The Traction, 1969, oil on canvas, 130 × 195 cm.

Since 1960, the year when he painted the decisive Thomas Morepetrified and bloated, marked by the thousand wrinkles of a destructive malady– Dado has traced his course in the field of painting, straight ahead, without letting anything stop him or deflect him. Untouched by Pop, new realism, optical or conceptual art, he continued his solitary way, dreaming at first, producing numberless drawings like a production of nature, a universe in which the various kingdoms were confused, a world at once vegetable, animal and petrified.

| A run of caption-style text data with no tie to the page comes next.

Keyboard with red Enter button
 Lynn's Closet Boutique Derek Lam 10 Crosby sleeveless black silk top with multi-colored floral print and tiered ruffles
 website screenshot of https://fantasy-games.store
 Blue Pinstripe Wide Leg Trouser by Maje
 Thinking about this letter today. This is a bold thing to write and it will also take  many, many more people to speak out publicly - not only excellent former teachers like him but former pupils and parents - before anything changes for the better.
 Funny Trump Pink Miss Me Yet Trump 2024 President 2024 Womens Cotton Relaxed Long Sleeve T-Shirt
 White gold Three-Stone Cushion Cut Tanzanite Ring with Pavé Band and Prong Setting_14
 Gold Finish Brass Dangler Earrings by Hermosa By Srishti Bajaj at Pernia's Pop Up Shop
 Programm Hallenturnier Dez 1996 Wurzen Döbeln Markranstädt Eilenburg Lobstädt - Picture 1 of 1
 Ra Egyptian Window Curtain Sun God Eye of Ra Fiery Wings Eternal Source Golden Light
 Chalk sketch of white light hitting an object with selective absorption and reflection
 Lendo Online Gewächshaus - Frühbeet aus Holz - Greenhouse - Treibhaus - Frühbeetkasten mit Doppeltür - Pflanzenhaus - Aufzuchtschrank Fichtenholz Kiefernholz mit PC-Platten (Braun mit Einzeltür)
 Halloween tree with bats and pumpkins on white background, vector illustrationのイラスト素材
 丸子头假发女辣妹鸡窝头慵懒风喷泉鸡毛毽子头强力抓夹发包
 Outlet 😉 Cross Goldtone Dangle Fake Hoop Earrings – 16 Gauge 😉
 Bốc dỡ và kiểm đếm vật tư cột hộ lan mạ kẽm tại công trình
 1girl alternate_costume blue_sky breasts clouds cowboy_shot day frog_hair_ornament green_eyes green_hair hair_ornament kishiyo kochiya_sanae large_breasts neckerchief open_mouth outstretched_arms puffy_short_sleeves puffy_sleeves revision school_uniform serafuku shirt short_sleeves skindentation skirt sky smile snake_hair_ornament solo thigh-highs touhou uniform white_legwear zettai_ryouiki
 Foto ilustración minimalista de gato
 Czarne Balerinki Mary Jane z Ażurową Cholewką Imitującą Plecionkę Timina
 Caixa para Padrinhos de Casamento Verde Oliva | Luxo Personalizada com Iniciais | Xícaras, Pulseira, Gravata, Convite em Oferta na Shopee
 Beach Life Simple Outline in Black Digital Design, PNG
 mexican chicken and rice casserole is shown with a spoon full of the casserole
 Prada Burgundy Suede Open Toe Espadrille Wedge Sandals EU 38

This isolation has caused Dado to be situated “at the limit,” in the tradition and the line of a fantastic art said to be eternal, a sort of pictorial folklore of the depths. Bearing the same label, according to some, as the visions of Hieronymus Bosch and Pieter Brueghel; but such a comparison is allowing oneself to be trapped by surface similarities: the teratology and the strange, and the neat cleanness of the cruel, without giving a thought to the meaning of the picture: its space and its order.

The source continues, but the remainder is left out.